### DATA BELOW

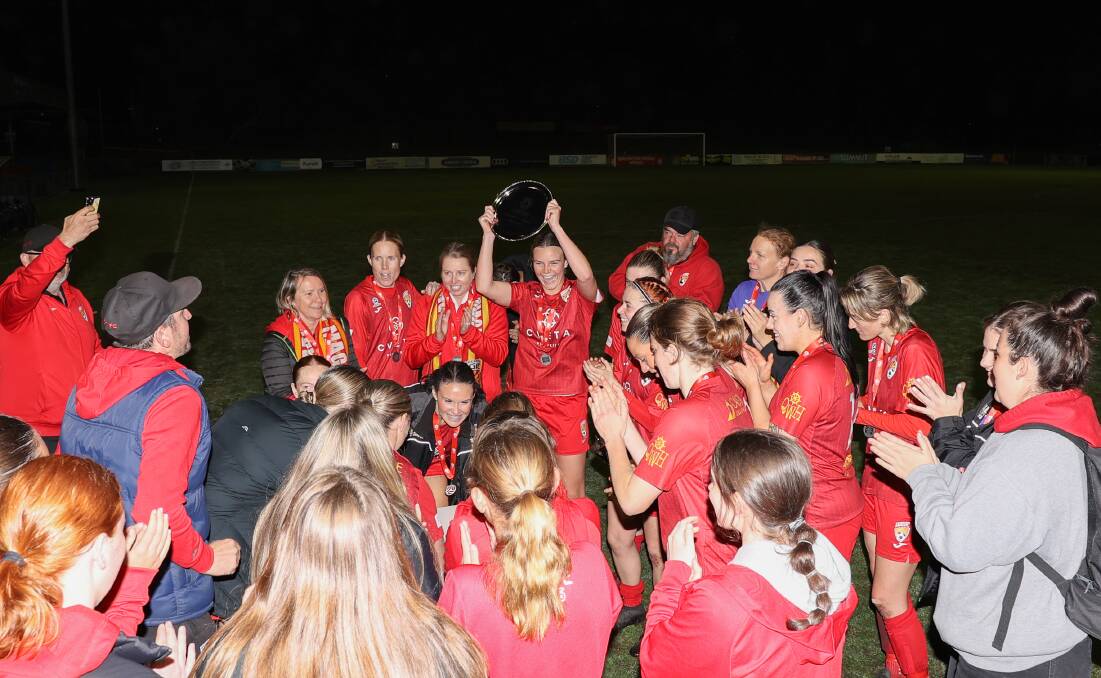 Broadmeadow captain Kalista Hunter with the NPLW Northern NSW Premiers Plate last Friday night. Picture by Michael Ying Sing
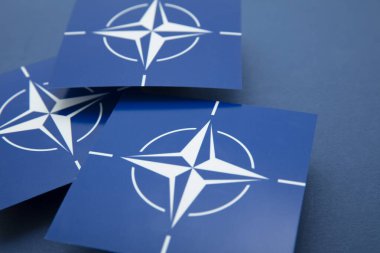 LONDON, UK - August 2022: Nato blue logo. Nato is a military alliance between a number of countries.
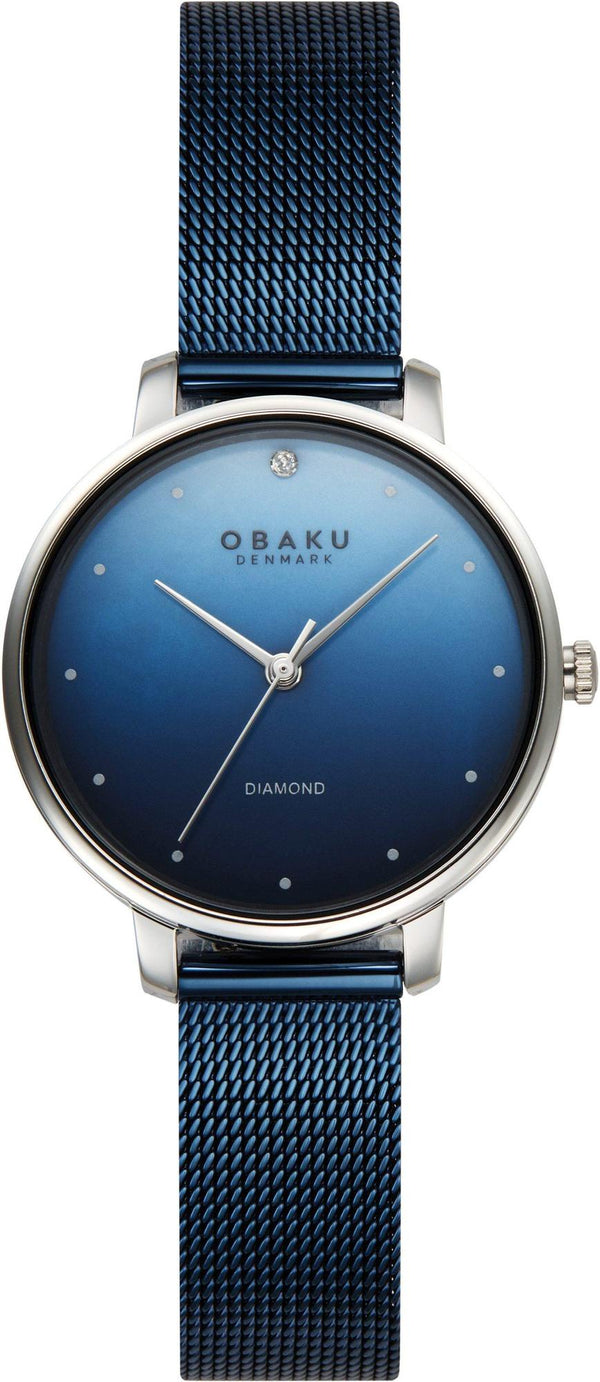 Obaku Denmark V320LXCZML ladies quartz watch with blue gradient sunburst dial, diamond accent at 12 o'clock, and blue PVD stainless steel mesh bracelet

######

» DIRECTIONS:
The output must start at the line holding "LONDON, UK - August", end at the last line of the listing above, and show each line exactly; please omit all pictures.

» REPLY TO THE EXERCISE:
 LONDON, UK - August 2022: Nato blue logo. Nato is a military alliance between a number of countries.
 Obaku Denmark V320LXCZML ladies quartz watch with blue gradient sunburst dial, diamond accent at 12 o'clock, and blue PVD stainless steel mesh bracelet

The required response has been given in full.